1.01 Duties of the Jury

Ladies and gentlemen: You now are the jury in this case, and I want to take a few minutes to tell you something about your duties as jurors and to give you some instructions. At the end of the trial I will give you more detailed instructions. Those instructions will control your deliberations.

It will be your duty to decide from the evidence what the facts are. You, and you alone, are the judges of the facts. You will hear the evidence, decide what the facts are, and then apply those facts to the law I give to you. That is how you will reach your verdict. In doing so you must follow that law whether you agree with it or not. The evidence will consist of the testimony of witnesses, documents and other things received into evidence as exhibits, and any facts on which the lawyers agree or which I may instruct you to accept.

You should not take anything I may say or do during the trial as indicating what I think of the believability or significance of the evidence or what your verdict should be.

Comment(s)

(1) This instruction is derived from Ninth Circuit Instruction 1.01.

(2) “[J]urors may have the power to ignore the law, but their duty is to apply the law as interpreted by the court, and they should be so instructed.” United States v. Boardman, 419 F.2d 110, 116 (1st Cir. 1969) (citing Sparf & Hansen v. United States, 156 U.S. 51 (1895)). Thus, while a jury may acquit an accused for any reason or no reason, see Horning v. District of Columbia, 254 U.S. 135, 138 (1920) (“[T]he jury has the power to bring in a verdict in the teeth of both law and facts.”), trial judges may not instruct the jurors about this power of nullification. United States v. Manning, 79 F.3d 212, 219 (1st Cir. 1996); United States v. Sepulveda, 15 F.3d 1161, 1190 (1st Cir. 1993) (citing United States v. Desmarais, 938 F.2d 347, 350 (1st Cir. 1991) (collecting cases)); see also United States v. Garcia-Rosa, 876 F.2d 209, 226 (1st Cir. 1989) (this position “is consistent with that of every other federal appellate court that has addressed this issue”), vacated on other grounds, 498 U.S. 954 (1990); United States v. Trujillo, 714 F.2d 102, 105-06 (11th Cir. 1983) (collecting cases). Furthermore, “[t]his proscription is invariant; it makes no difference that the jury inquired, or that an aggressive lawyer managed to pique a particular jury’s curiosity by mentioning the subject in closing argument, or that a napping prosecutor failed to raise a timely objection to that allusion.” Sepulveda, 15 F.3d at 1190.
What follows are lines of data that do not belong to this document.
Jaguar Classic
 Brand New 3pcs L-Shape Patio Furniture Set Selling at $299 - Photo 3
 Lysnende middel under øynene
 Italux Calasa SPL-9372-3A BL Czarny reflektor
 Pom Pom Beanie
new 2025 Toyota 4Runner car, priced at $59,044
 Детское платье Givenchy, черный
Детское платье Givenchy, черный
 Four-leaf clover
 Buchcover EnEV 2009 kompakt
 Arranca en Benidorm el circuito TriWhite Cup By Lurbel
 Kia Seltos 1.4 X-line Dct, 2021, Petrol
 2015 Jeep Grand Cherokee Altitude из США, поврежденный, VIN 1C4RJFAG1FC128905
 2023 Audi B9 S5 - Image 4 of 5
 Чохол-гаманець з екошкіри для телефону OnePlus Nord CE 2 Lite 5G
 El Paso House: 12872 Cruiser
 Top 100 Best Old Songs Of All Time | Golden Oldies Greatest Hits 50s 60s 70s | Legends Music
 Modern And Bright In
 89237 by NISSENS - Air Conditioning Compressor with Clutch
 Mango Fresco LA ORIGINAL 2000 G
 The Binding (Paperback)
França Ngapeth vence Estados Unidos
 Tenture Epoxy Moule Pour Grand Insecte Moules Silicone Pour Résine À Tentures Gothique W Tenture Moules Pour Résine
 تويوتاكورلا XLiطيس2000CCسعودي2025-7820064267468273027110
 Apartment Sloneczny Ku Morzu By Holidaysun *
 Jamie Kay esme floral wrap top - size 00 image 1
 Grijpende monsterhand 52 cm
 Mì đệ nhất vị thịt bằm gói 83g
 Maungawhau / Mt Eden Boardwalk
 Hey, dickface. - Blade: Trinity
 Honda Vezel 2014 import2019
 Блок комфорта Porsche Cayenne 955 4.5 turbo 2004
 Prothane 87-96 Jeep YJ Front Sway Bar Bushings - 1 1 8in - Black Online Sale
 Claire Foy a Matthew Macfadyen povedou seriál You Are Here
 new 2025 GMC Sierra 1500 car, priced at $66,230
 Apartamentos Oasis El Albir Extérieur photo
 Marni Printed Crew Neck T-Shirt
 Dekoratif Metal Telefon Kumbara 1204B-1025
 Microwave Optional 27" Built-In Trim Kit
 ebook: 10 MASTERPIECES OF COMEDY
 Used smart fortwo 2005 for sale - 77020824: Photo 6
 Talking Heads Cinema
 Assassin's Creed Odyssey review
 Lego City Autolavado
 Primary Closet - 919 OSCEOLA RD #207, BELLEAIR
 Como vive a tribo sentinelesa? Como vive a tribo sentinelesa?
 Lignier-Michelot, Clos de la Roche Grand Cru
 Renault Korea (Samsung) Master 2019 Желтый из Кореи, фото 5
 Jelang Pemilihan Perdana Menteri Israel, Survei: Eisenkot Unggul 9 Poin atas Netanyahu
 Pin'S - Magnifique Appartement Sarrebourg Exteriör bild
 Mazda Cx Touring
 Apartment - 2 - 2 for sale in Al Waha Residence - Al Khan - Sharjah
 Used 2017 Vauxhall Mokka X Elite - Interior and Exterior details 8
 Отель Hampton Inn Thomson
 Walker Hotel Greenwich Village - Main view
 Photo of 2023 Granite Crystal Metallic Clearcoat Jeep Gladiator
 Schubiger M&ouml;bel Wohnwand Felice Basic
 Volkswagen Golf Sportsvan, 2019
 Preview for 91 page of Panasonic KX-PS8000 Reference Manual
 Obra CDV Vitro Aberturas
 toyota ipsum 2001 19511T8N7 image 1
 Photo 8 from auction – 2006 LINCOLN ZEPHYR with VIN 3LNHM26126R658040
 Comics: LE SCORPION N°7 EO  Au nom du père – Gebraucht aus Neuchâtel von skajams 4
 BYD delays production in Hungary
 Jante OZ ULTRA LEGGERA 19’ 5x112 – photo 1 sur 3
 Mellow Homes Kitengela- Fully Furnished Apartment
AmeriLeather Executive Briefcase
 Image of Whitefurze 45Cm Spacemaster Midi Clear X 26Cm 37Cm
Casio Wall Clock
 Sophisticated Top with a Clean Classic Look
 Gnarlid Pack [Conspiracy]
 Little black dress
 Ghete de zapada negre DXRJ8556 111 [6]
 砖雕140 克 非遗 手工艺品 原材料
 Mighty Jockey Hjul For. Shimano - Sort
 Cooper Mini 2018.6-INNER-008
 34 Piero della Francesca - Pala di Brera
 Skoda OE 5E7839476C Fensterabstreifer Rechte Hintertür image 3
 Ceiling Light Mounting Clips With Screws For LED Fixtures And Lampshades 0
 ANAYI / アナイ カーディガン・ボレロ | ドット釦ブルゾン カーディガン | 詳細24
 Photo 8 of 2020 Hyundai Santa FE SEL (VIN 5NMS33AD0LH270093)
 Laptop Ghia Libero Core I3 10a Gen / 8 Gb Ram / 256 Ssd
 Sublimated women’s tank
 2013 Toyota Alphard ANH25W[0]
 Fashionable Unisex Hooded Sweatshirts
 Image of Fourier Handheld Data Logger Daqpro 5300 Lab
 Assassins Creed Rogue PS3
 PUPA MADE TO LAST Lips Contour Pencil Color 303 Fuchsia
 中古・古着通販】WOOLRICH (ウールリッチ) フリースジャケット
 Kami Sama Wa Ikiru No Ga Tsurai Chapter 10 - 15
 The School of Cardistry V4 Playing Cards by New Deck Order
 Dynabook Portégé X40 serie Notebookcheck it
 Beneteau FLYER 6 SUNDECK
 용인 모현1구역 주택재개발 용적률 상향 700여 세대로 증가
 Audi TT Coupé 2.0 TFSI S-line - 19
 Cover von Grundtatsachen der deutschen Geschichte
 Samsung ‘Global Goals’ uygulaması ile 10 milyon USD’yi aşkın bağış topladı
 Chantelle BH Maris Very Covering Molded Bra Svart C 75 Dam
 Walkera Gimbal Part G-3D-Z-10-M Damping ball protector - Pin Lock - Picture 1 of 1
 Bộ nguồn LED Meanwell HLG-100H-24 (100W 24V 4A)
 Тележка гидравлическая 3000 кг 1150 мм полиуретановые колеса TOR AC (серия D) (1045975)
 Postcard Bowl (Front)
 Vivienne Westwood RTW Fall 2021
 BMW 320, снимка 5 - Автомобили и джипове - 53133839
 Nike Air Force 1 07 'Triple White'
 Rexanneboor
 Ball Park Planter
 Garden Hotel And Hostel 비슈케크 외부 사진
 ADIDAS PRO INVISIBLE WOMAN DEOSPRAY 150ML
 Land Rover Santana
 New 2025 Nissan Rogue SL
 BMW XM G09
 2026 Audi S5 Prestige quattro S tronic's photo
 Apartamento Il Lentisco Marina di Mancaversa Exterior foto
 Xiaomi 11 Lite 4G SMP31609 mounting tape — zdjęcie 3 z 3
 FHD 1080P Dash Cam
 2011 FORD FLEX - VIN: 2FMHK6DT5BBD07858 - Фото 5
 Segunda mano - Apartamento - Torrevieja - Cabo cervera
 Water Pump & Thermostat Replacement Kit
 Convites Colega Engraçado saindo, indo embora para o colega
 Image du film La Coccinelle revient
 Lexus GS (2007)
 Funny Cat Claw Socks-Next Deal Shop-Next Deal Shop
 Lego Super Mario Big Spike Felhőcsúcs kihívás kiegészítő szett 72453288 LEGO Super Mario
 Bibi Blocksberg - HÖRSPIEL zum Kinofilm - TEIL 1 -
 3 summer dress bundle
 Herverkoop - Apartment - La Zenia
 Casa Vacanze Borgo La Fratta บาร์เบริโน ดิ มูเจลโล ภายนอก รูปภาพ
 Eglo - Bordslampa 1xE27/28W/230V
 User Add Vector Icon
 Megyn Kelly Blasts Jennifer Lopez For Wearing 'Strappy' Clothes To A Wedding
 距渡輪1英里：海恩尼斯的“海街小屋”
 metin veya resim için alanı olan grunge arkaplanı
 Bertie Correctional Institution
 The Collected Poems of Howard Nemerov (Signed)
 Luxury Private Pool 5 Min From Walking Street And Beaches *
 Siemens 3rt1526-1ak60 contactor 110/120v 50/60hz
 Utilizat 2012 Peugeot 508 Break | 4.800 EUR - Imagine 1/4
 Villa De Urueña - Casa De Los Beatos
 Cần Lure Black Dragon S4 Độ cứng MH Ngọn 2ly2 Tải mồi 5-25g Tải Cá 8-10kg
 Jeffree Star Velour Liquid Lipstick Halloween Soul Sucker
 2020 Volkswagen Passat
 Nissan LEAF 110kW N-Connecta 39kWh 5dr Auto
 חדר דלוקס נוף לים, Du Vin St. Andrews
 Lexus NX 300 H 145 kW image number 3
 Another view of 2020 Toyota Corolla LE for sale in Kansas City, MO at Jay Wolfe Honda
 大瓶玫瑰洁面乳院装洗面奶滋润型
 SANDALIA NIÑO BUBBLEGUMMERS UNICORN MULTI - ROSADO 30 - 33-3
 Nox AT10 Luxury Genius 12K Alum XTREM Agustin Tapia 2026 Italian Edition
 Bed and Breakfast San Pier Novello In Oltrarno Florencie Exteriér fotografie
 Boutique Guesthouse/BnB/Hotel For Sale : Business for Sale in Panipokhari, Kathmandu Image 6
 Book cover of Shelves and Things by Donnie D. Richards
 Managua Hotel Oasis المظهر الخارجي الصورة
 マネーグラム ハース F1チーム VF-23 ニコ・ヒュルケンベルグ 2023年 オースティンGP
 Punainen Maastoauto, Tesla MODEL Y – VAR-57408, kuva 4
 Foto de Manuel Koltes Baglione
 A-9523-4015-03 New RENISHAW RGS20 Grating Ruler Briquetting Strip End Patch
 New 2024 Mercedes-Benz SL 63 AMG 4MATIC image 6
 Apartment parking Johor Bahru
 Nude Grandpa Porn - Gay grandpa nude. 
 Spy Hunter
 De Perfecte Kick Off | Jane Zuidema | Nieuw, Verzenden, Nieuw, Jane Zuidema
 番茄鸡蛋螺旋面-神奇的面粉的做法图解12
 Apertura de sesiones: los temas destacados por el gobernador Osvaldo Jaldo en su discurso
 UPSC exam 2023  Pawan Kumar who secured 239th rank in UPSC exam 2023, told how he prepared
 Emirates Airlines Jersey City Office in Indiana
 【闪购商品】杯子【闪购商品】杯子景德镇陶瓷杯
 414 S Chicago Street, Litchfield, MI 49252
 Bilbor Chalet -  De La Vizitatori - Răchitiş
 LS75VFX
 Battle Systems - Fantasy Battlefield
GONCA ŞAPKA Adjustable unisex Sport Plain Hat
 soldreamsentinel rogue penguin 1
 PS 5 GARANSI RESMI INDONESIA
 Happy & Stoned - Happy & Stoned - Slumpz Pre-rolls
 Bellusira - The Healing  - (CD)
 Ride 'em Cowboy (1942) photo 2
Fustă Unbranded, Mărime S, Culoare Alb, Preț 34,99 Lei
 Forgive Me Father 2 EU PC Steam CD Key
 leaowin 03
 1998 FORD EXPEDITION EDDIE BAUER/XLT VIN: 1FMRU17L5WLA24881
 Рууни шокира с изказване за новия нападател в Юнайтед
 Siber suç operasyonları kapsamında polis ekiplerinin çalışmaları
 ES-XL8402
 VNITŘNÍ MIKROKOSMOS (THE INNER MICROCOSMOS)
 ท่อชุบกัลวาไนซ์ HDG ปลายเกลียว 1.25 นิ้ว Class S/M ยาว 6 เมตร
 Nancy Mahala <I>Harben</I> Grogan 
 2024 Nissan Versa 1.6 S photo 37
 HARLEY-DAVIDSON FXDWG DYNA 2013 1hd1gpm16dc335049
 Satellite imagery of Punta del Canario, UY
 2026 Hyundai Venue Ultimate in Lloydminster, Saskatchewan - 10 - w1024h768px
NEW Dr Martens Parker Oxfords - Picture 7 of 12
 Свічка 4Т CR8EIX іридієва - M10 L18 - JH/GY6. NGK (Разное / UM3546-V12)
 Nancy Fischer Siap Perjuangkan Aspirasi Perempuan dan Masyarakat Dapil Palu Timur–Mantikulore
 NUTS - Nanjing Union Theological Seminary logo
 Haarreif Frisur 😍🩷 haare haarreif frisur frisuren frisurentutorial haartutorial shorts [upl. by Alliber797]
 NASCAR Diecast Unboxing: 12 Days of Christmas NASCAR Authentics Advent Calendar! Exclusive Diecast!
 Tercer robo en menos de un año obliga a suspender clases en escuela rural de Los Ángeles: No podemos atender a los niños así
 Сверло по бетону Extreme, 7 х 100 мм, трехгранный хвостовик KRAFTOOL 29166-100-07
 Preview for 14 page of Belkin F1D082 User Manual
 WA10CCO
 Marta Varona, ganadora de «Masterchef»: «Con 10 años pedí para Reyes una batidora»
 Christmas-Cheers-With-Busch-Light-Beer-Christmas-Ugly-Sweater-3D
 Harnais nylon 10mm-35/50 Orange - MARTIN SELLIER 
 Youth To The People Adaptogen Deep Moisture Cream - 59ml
During the closing arguments in Sepulveda one of the defendants’ attorneys invited the jury to “send out a question” concerning jury nullification; the jury did so, requesting the trial judge to “[c]larify the law on jury nullification.” Id. at 1189. The judge responded with the following, which was affirmed by the First Circuit:

Federal trial judges are forbidden to instruct on jury nullification, because they are required to instruct only on the law which applies to a case. As I have indicated to you, the burden in each instance which is here placed upon the Government is to prove each element of the offenses . . . beyond a reasonable doubt, and in the event the Government fails to sustain its burden of proof beyond a reasonable doubt as to any essential element of any offense charged against each defendant, it has then failed in its burden of proof as to such defendant and that defendant is to be acquitted. In short, if the Government proves its case against any defendant, you should convict that defendant. If it fails to prove its case against any defendant you must acquit that defendant.

Id. at 1189-90 (emphases added). Judge Selya explained that the “contrast in directives” in the last two sentences, “together with the court’s refusal to instruct in any detail about the doctrine of jury nullification, left pregnant the possibility that the jury could ignore the law if it so chose.” Id. at 1190.